Life happens. You can bank on it–things break and need replacing, kids and pets all of a sudden need health care, jobs abruptly come to an end. So, expect the unexpected and start building an emergency fund to handle the inevitable curveballs life is going to throw at you. An emergency fund helps make it easier when things go wrong, and provides a financial cushion that makes unexpected expenses manageable, without breaking your budget or jeopardizing your financial stability. It’s also one of the best ways to start getting out and staying out of debt–having an emergency fund means that you don’t need to take on additional debt to cope with an unexpected car repair, for example.
Plan for the worst-case scenario
Emergencies come in all shapes and sizes. The most common reason people need to tap their emergency fund is an unexpected job loss. This is why most experts, as a rule of thumb, recommend having 3-6 months’ worth of expenses in a separate savings account (hint: online banks usually offer the highest interest rates) so if you or your spouse lose your job, you have sufficient time to find a new one—which may take longer than you might like. If you plan for the worst-case scenario, then you’ll also be covered for more minor unplanned expenses.
Just how much you need to save also depends on your individual circumstances. If you’re single, you may want to have six months of expenses, while someone who is married and whose spouse has a stable job may choose to have only three, especially if they are working to pay down student loan or credit card debt too. People with a variable income may want to have even more saved, as a cushion for those slow weeks or months in between paychecks.
How to get started
If you haven’t started an emergency fund yet, it’s never too late. The most important thing is taking that first step. Open a savings account (again, online banks pay the most interest). Just begin saving something, even if it’s only a small amount. Having even $25 or $50 transferred once a month from your checking checking to savings makes it automatic, so you won’t have to think about it. Take small steps toward your larger goal. Make your initial goal $500, then aim for $1000, then 1 month’s worth of expenses. Keep going until you have enough saved to feel comfortable. If you get a windfall or even a large tax refund, use a chunk of it to jumpstart your emergency fund. Seeing that bigger number in your account can motivate you to maintain or even increase your savings rate. If you get a raise, plan to increase your savings proportionately.

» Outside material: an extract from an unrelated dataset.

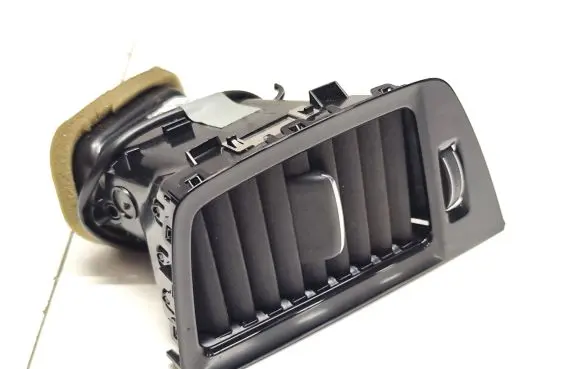 Volvo XC90 Dash center air vent grill 31366454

Other ways to increase your emergency fund
- Save by eating at home more often, and limiting how often you get takeout food. Buy a good travel cup and make coffee at home to take with you.
- Round up your expenses, and deposit the difference into your emergency fund account every month. Or put your loose change in a jar and when it gets full, deposit it.
- There’s usually a limit on how much you can cut your expenses, but there’s no limit on how much you can earn. Babysit, offer pet care services to your neighbors, give lessons, or get a part-time job for a few months to build up your emergency fund.
- If you get an unexpected windfall, put some of it in your emergency fund.
Having an emergency fund reduces financial stress both now and in the future. Knowing that you’re prepared to handle an unexpected expense, should it arise, equals psychological peace of mind—and that’s priceless.